WHAT NEEDS TO BE DONE:
Once the line containing "Oversized Brown Distressed Leather Jacket" is found in the material below, it and every line after it should be transcribed exactly, with pictures left out and nothing added.

TASK INPUT:
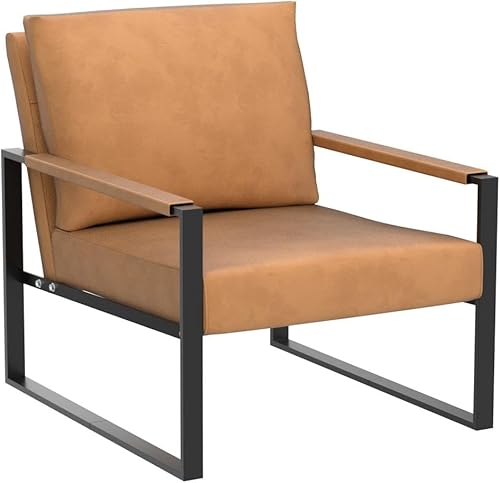 Miniatura 5 de AWQM Leather Accent Chair Set of 2 Sofa Chair with Extra-Thick Padded Backrest and Seat Cushion Single Sofa for Living Room Bedroom, Black Metal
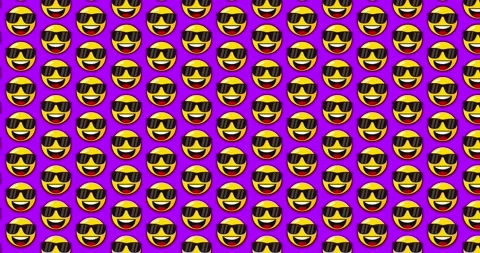 Cool smiling emoji with sunglass. Loopable motion graphics Animated backgro.. 스톡 동영상 224370454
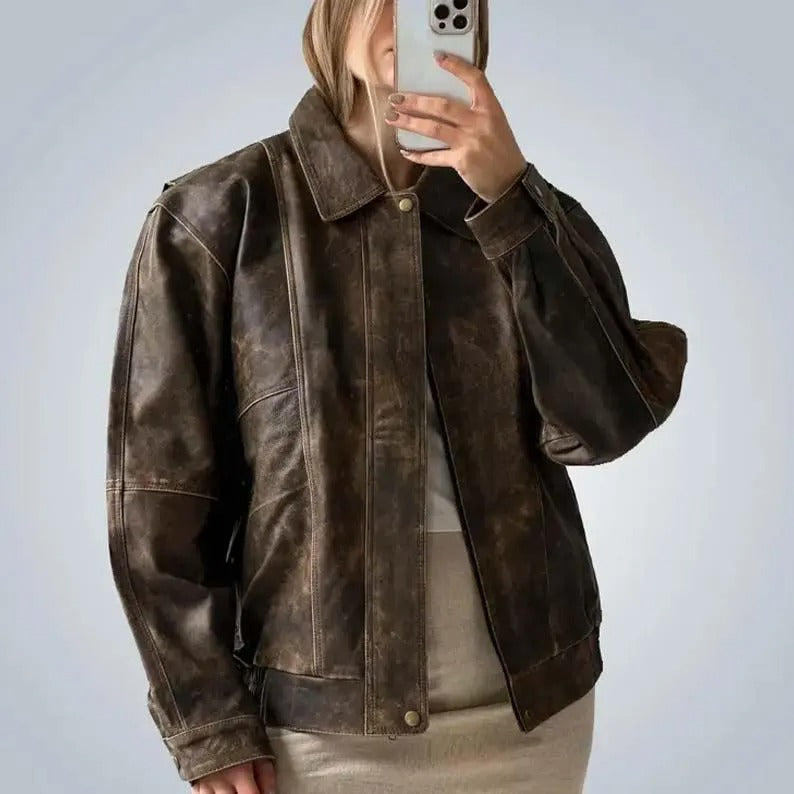 Oversized Brown Distressed Leather Jacket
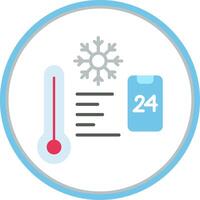 Temperature Control Flat Circle Icon vector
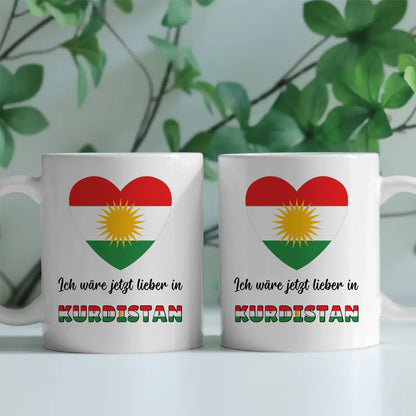 Kaffetasse Wäre jetzt lieber in Kurdistan Tasse Lustig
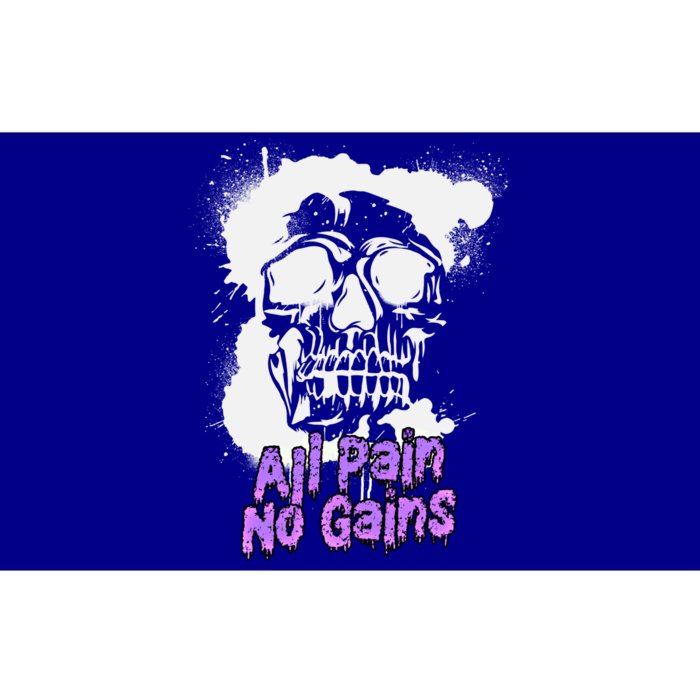 All Pain No Gains Weightlifting Powerlifting Skull Gift Bumper Sticker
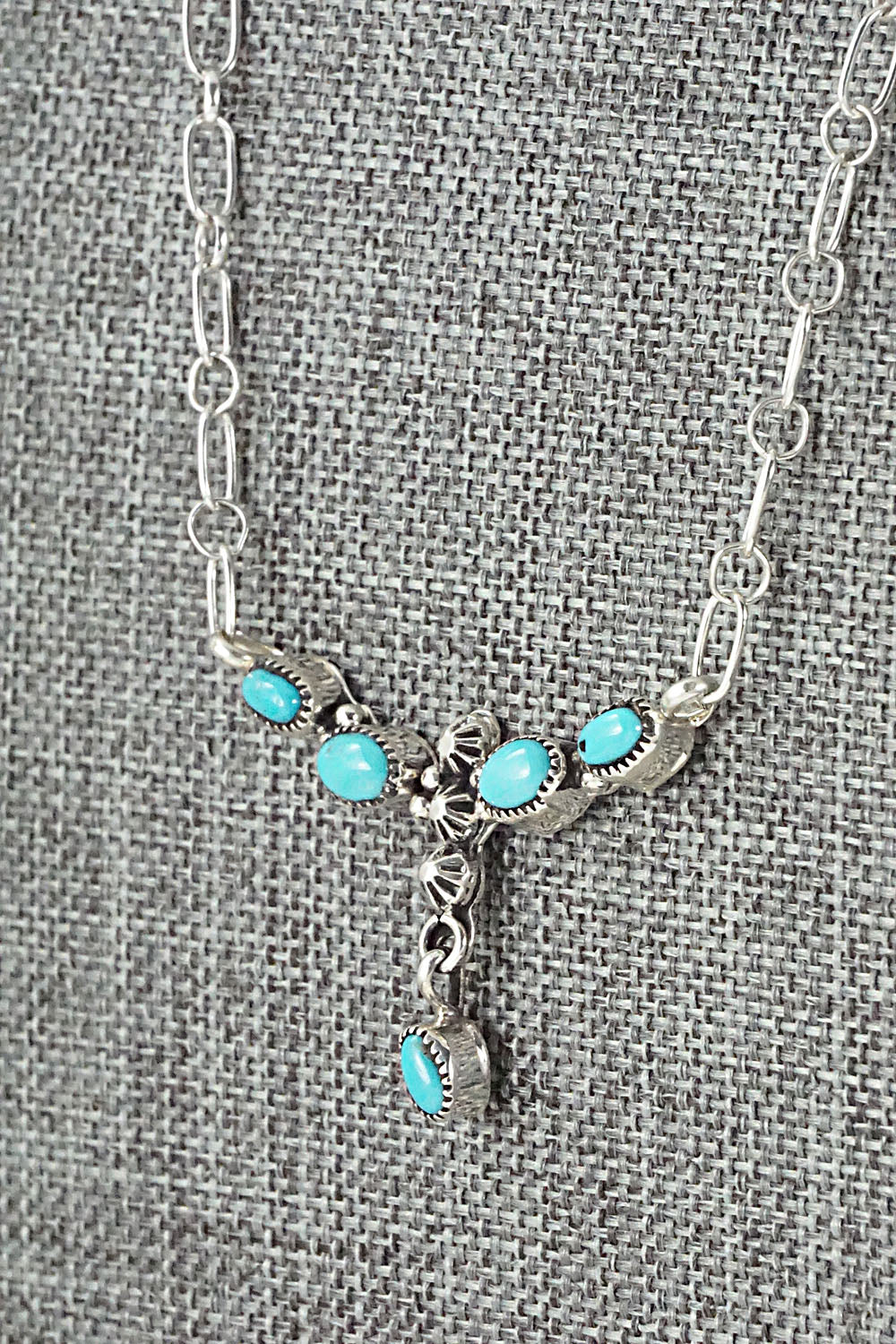 Turquoise & Sterling Silver Necklace - Loretta Smith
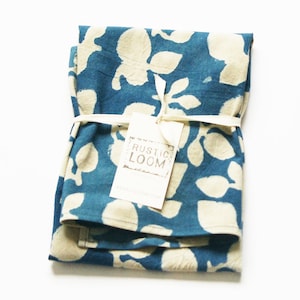 Indigo Blue Cotton Tea Towel- Handprinted Kitchen Towel- Leaf Pattern- Navy Blue Fair Trade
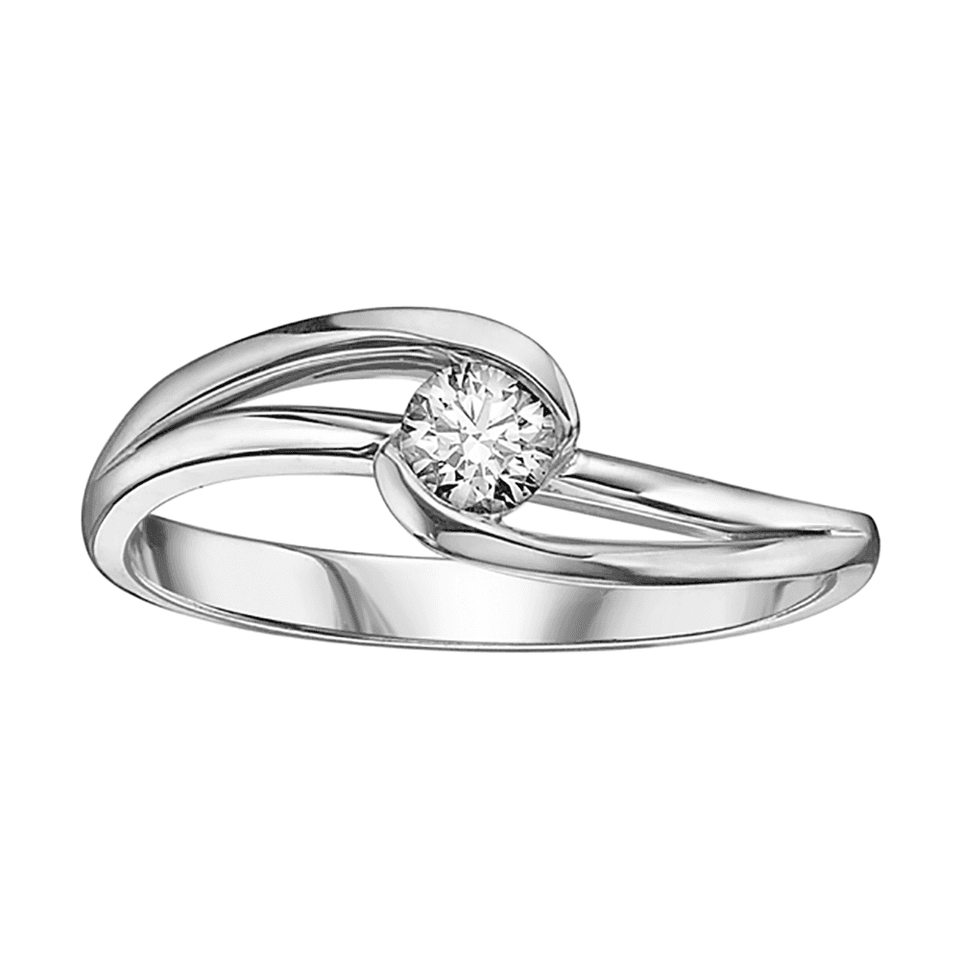 Francis & Gaye 9ct White Gold 0.23ct Diamond Twist Ring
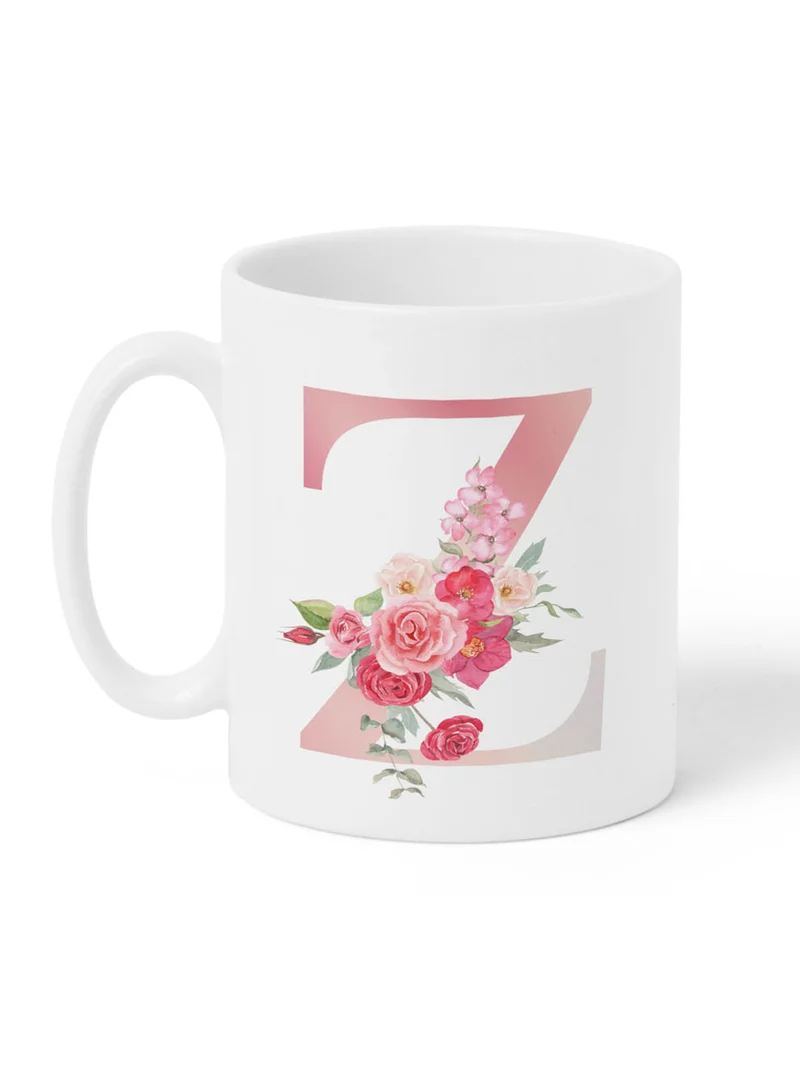 LOWHA 11 oz Ceramic Mug with Letter Z Design on Both Sides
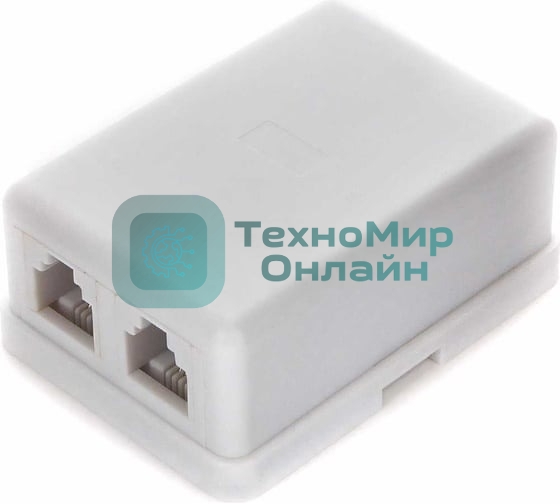 Розетка телефонная TA-102 RJ-11 (6P4C) внешняя 2 порта, белый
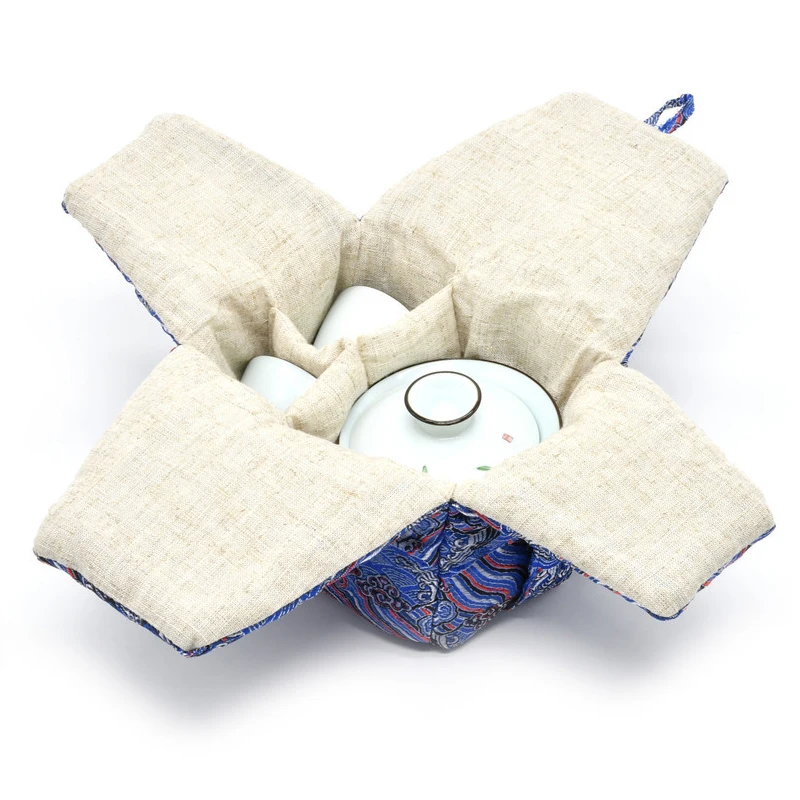 

Винтажная дорожная сумка для хранения чайной посуды, утолщенная ткань, защитный органайзер для чайного сервиза, уличная портативная сумка для одного чайника + две чайники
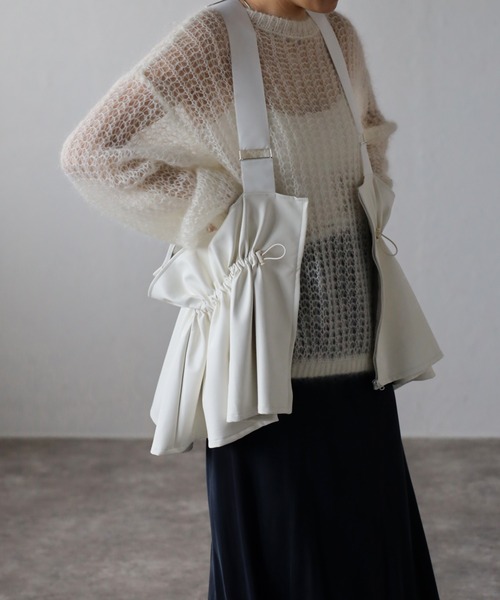 leimn ベスト ジレ ドロストサスペンダートップス(レザー) レディース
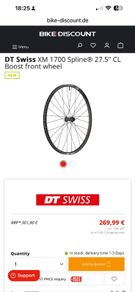 Shimano XM1700 front wheel 27.5"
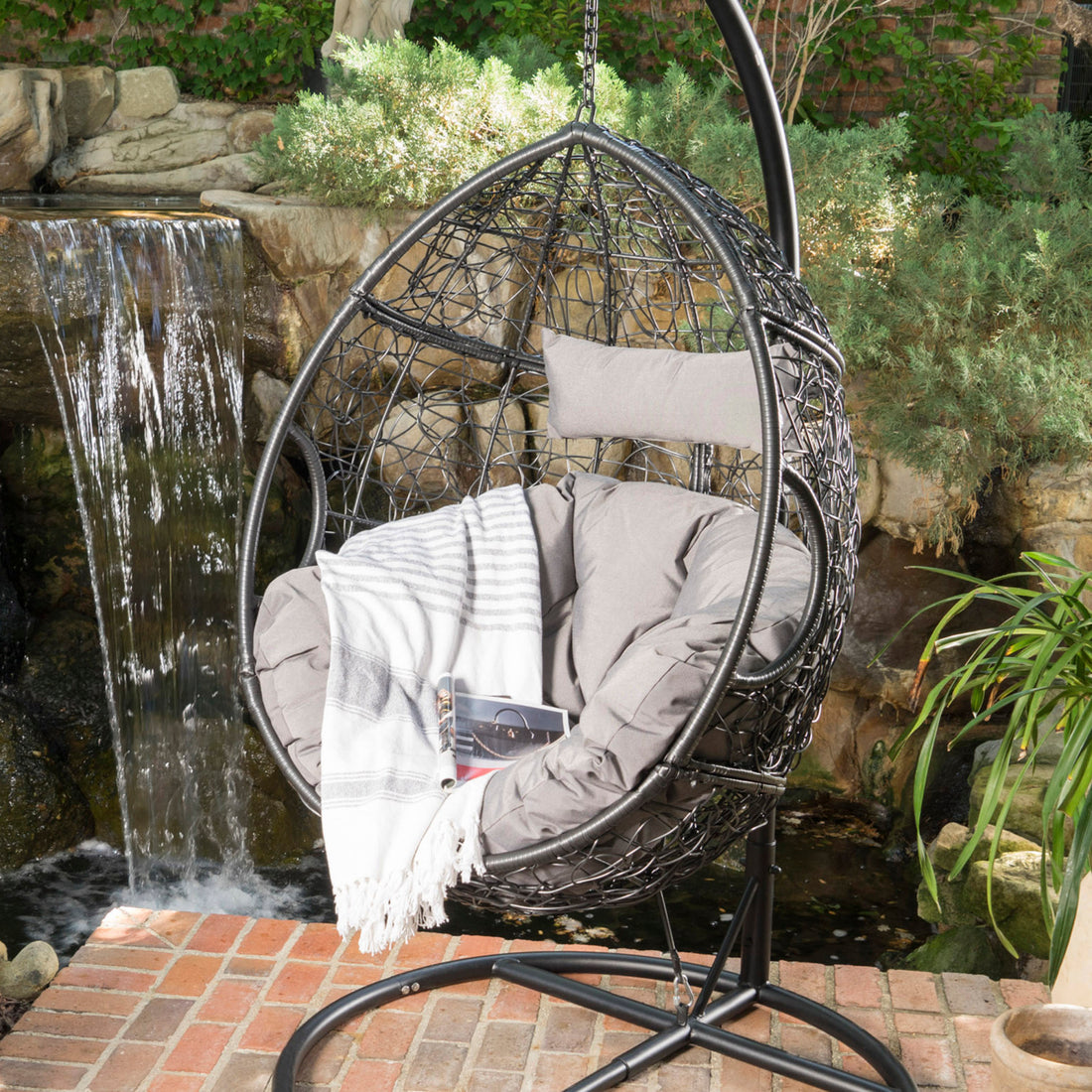 Kylie Hanging Basket Grey Only Basket ,Not Include A Hanging Stand Gray Rattan Waterproof Fabric Metal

FINAL ANSWER:
 Oversized Brown Distressed Leather Jacket
 Temperature Control Flat Circle Icon vector
 Kaffetasse Wäre jetzt lieber in Kurdistan Tasse Lustig
 All Pain No Gains Weightlifting Powerlifting Skull Gift Bumper Sticker
 Turquoise & Sterling Silver Necklace - Loretta Smith
 Indigo Blue Cotton Tea Towel- Handprinted Kitchen Towel- Leaf Pattern- Navy Blue Fair Trade
 Francis & Gaye 9ct White Gold 0.23ct Diamond Twist Ring
 LOWHA 11 oz Ceramic Mug with Letter Z Design on Both Sides
 Розетка телефонная TA-102 RJ-11 (6P4C) внешняя 2 порта, белый

Винтажная дорожная сумка для хранения чайной посуды, утолщенная ткань, защитный органайзер для чайного сервиза, уличная портативная сумка для одного чайника + две чайники
 leimn ベスト ジレ ドロストサスペンダートップス(レザー) レディース
 Shimano XM1700 front wheel 27.5"
 Kylie Hanging Basket Grey Only Basket ,Not Include A Hanging Stand Gray Rattan Waterproof Fabric Metal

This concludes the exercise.